EricoftheNorth: I find it quite interesting that the Nikon got good marks on video. I sell these cameras every day and there is one horrifying detail not mentioned about the Nikon: It *disables* optical stabilization during the video. This is compounded by the fact that this is a CMOS and therefor has a rolling shutter. At wide angle, it is not to big of a deal, but at telephoto (which is the point of these cameras after all), it is ABYSMAL. It looks like bad Flip video. The Nikon P500 suffers the same effect to an even greater degree as it hits ~800mm. The digital stabilizer has essentially no effect on the rolling shutter.
The Sony and Canon both are amazingly stable at long zoom.
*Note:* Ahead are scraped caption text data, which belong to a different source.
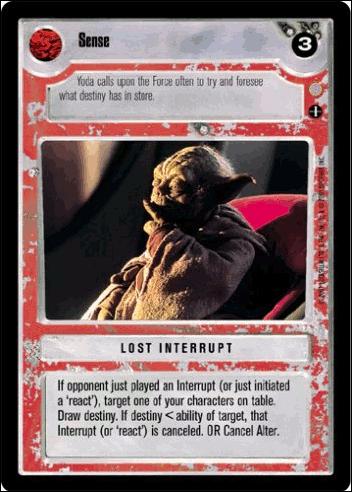 Star Wars: Coruscant Limited (Base Set) card 149 Sense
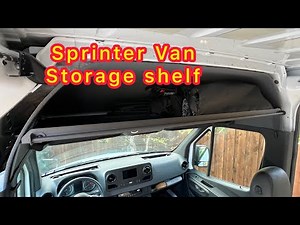 Sprinter Van overhead cargo shelf install…important before you buy!!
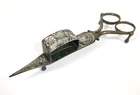 Wick Scissors Silver Plated 19th Century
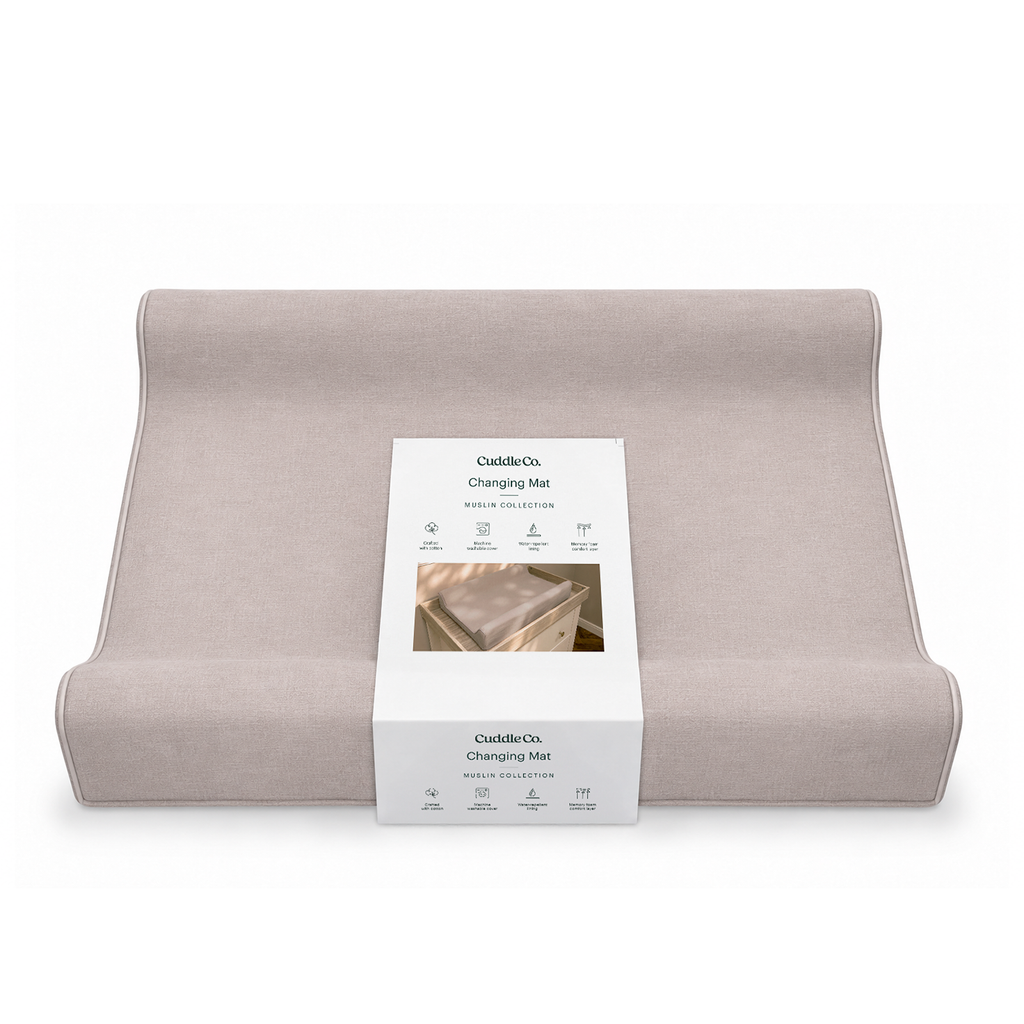 Wedge Muslin Changing Mat - Cashmere Mocha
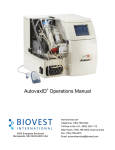 AutovaxID Operations Manual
I feel that this should seriously be reconsidered as many customers will forgo a video camera in favor of one of these, and at the soccer (football) game or graduation, this is simply unacceptable.
yes, this is noticeable in every sample of the Nikon I have seen online. The HX9V has outstanding video but awful still quality - terrible shame, it would have been an easy pick. It leaves the Canon which unfortunately only has a moderate wide at 28mm, which is frustrating for many uses of a compact. The Panasonic doesn't score it for me either way. It brings up the question - given the computing storage and editing power now available to deliver really first quality video, which is becoming more relevant for compact use - shooting stills or video? A renaissance in home videos on the horizon perhaps?
I found this to be an interesting of four cameras that all have great merits, but none perfect. If the test is about a balance between video and still quality I think I agree with the results. I recently had my Panasonic ZS7 stolen - which I loved - but have decided against the new Panasonic because of Stills IQ. The HX9V seems to have brilliant video - WAY above anyone else's - but smeared stills. The SX230 has good video and good still IQ. same with the S9100. The ability to take good, printable pictures is still fundamental. Its not that I want a compact to be as brilliant as a DSLR ( I shoot professionally with Nikon D700 and D7000), but I do want a portable, unobtrusive, instant and competent device for personal use. If the Canon had a wider lens, The Sony had better Still image IQ, the Nikon more manual control and better VR the choice would have been much harder, but I probably would have gone towards the Sony. As it is I am in agreement and limbo with the judges' verdict.